The snowpack was at least 7 feet deep at this location, and well consolidated. It made for a perfect snow room. I wanted to be able to sit up in my snow cave so as to prevent that claustrophobic feeling I got as a Scout trying to sleep in a snow cave I built with a roof only inches above my nose when laying down.  So after a good hour and a half of digging, straining, grunting, smoothing, and sculpting, I came up with my own snow shelter for the night. The feeling of satisfaction soon left when I realized I was by now soaking wet, exhausted, and hungry, and the winds were picking up again. So I built a "cold fire" to partially warm  me up. I call it a cold fire, as the coals kept melting the snow below it and sinking into the snow pack, causing a lot of smoke. But some fire is better than none, especially psychologically. I then changed into my dry socks and PJ's and retreated into my White House...
Inside, looking out
I could not believe how warm it was in there! It was totally quiet, totally insulated, totally protected from the windy elements above. After some hot Ramen and letting my wife know I was safe and sound (much to her relief), I hit the sack.


Candles are surprisingly warm and bright in snow rooms...
Now...I won't lie. I didn't sleep a full 8 hours. But I slept a solid 5 and I was pretty warm and dry. And best of all, I slept in until 8 am. Take that alarm clock! It was so cool to wake up to blue skies with mountains to climb and ski, right outside my White House. No rushing to meet fellow Dawn Patrollers, no forcing yourself awake, no stressful morning. Just a nice greeting from that powerful couple, Nature and Winter.

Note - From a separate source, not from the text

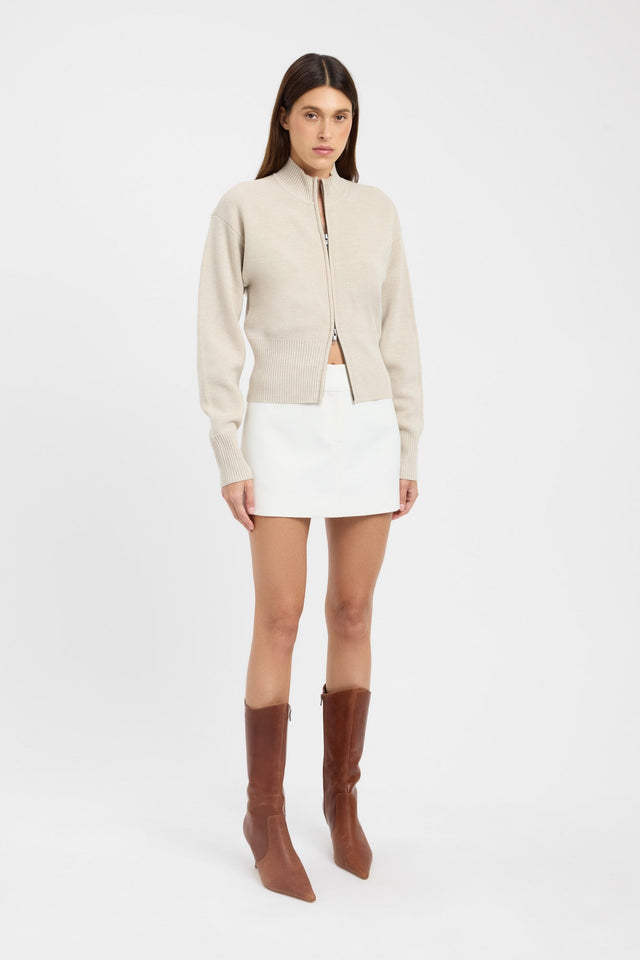side Dalton Zip Cardigan Kookai High neck Relaxed beige womens-jumpers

The winds were still howling from the south, so I decided to climb Mt. Tuscarora instead of Sunset Peak, hoping for a more protected aspect to descend over there.


Flat top summit of Tuscarora with Sunset Peak, Pioneer Peak, and Heber Valley beyond.
From the summit, I skied down The Seagull in highly variable snow: ice, wind board, powder. So the skiing was not the best, but that was never the goal from this trip anyways. The goal was to comfortably survive a night in the mountains with minimal gear. I can say I accomplished that. It was a lot of work, but the reward was satisfying.

I would love to do the same adventure on a big powder day. So with that in mind... my White House still stands today, with a buried entrance whose location only I know about. Perhaps I will get mad at my alarm clock one day and try this again this season...especially now that all the work of building the thing is complete!